• Excerpted data
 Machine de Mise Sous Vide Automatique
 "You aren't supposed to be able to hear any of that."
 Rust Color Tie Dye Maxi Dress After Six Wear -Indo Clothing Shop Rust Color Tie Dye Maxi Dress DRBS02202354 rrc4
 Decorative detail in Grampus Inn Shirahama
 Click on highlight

• Your goal
Locate the line that contains "Rust Color Tie Dye Maxi Dress After", then please quote it and every line after it to the end of the entries above, exactly and with nothing else.

• Reply
 Rust Color Tie Dye Maxi Dress After Six Wear -Indo Clothing Shop Rust Color Tie Dye Maxi Dress DRBS02202354 rrc4
 Decorative detail in Grampus Inn Shirahama
 Click on highlight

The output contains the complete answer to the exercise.